1.
When do we find self-realization?
2.
Is the “self” only defined by caring for others?
3.
Why are we so obsessed with find our-selves?
I don’t think that there is a certain point in everyone’s
lives where we find our-selves. Yankelovich
says at one point that someone describes when someone close to them was near
death and it was then that they reached self-realization. He also gave the
complete opposite example of another person that was near death and how he didn’t
seem like himself and that he would reminisce about when he was a child.
Personally, I think that not everyone will leave this world having a confident outlook
on whether or not they reached self-realization. It is something you may reach by just living
your life and realizing the things, people, places, etc. that you like and that
you can relate to. You may think that you have reached self-realization at one
point and later on in life realize that you hadn’t.
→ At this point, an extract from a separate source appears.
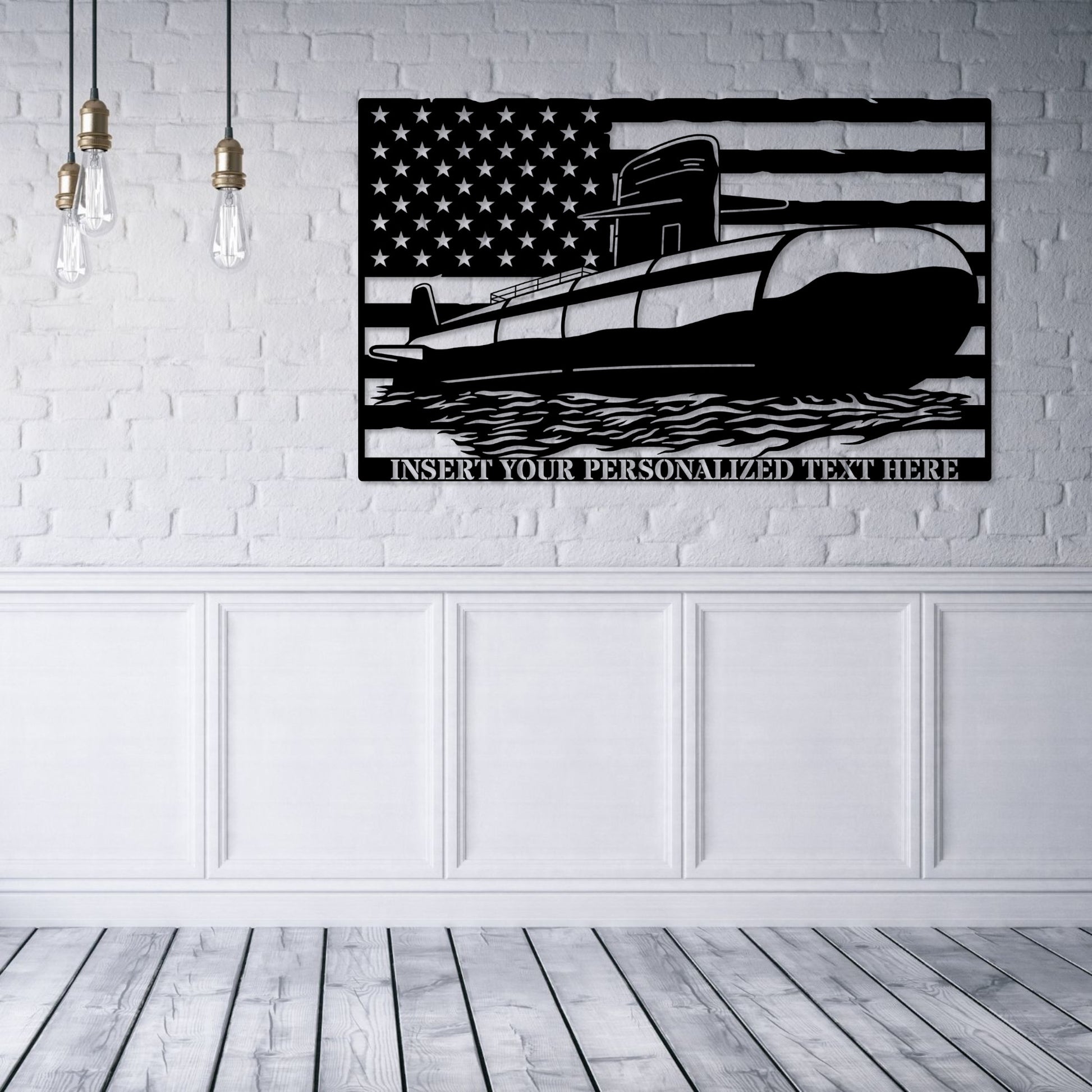 Personalized US Submarine Name Metal Sign. Custom U-Boat Navy Wall Decor. Patriotic Navy Military Keepsake. American Battleship Wall Hanging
I do not know why psychologists
and the everyday person obsesses with “finding themselves.” I don’t understand
why it is so important to reach self-realization…I think It’s better to go on
living your life day to day and not spending so much time on over analyzing
whether or not we are the best self we can be. Also, maybe if people didn’t spend
so much time analyzing this thought than they might actually reach their “perfect
self,” just through living and making mistakes and learning from them.
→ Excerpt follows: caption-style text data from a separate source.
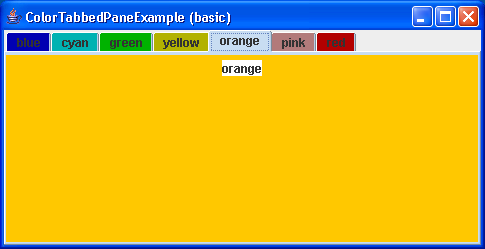 Color TabbedPane Example 2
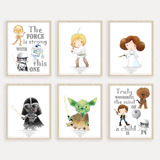 W.o.w.a - Juego De 6 Decoraciones De Habitacin De Star Wars,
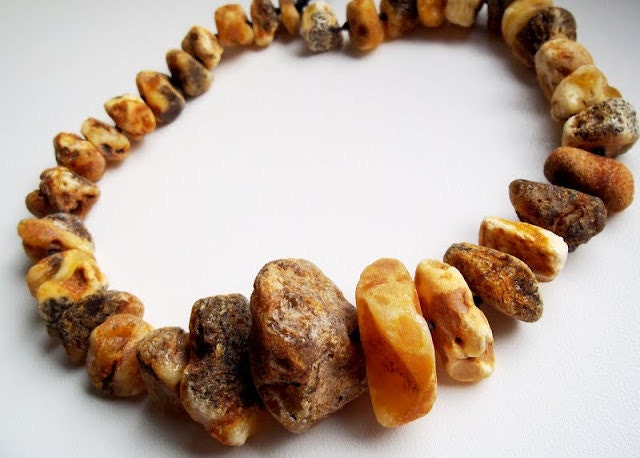 Massive Raw Unpolished Natural BALTIC AMBER Choker. 61 gr.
However, I do think that once you are confident with you and
what you have become in your life than comes the caring for others (not that
you can’t care for someone/something without reaching self-realization). I just
think that once you have reached this point in your life than you can allow
yourself to be vulnerable and tell people about the mistakes you’ve gone
through in your life, in order to help them with something they might be going
through. It’s almost as if you don’t need to be fixing anything in yourself so
than you are able to help others with themselves.